Work required » Below this line is the material. Write out only its lines from the one containing "5 inch gauge part-built Stirling single" through the one containing "Osmangazi Kitap Günleri’ne yoğun ilgi", both kept, exactly.

Data under study »

════════

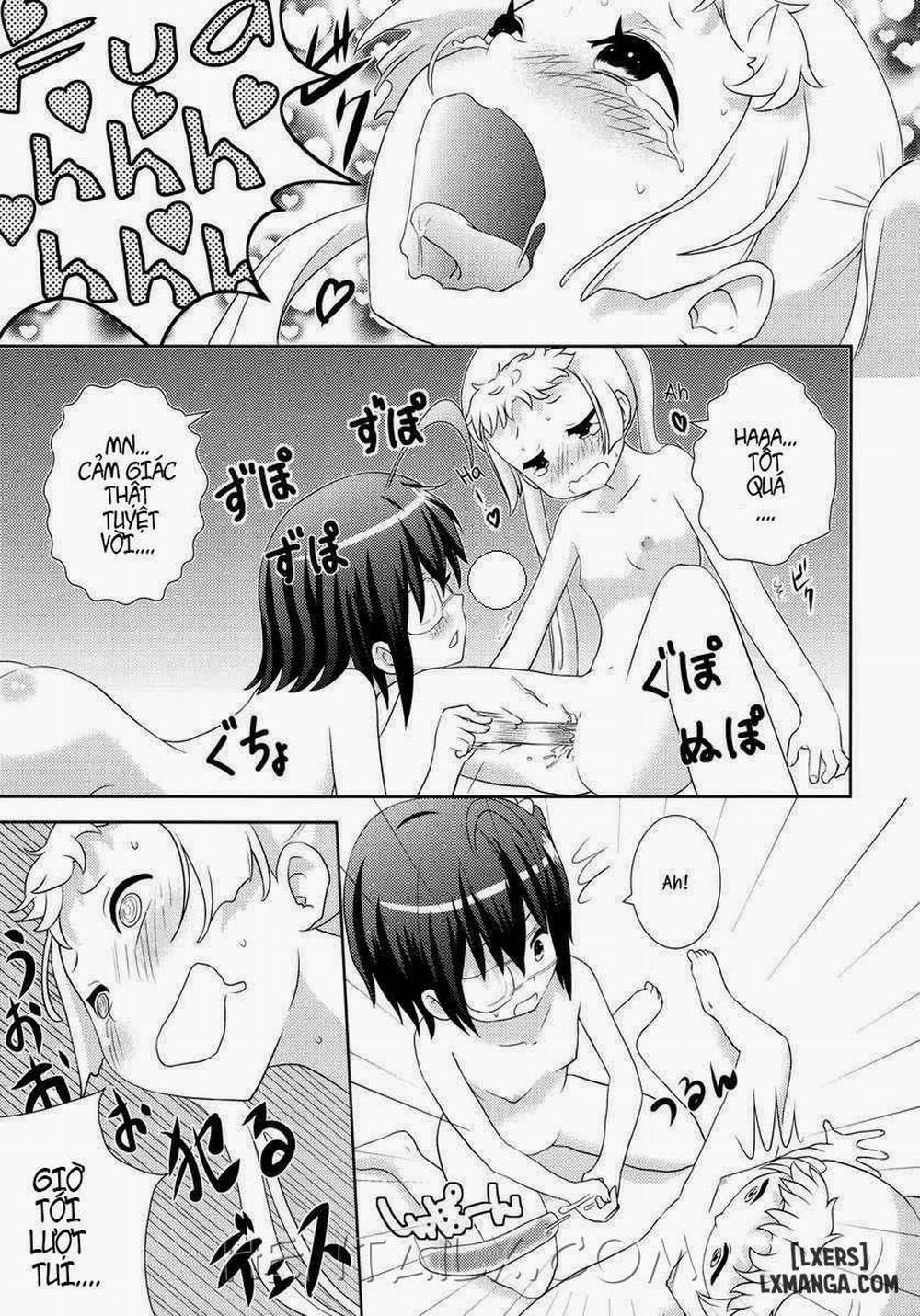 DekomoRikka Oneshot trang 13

════════

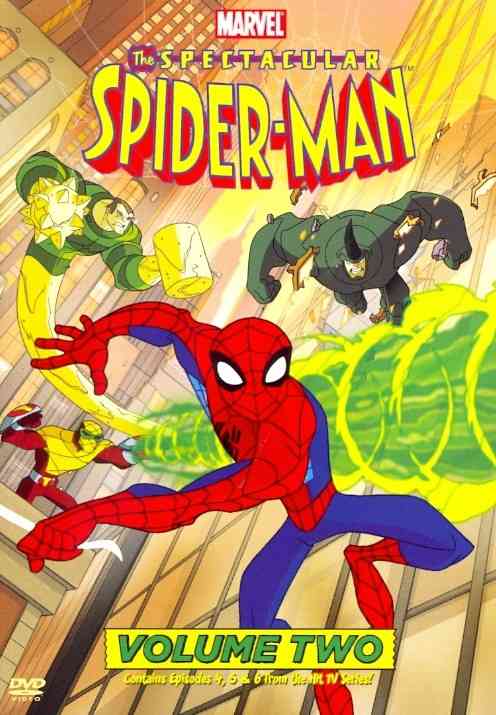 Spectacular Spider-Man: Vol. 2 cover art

════════

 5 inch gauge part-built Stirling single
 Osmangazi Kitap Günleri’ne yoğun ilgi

════════

Worked solution »
 5 inch gauge part-built Stirling single
 Osmangazi Kitap Günleri’ne yoğun ilgi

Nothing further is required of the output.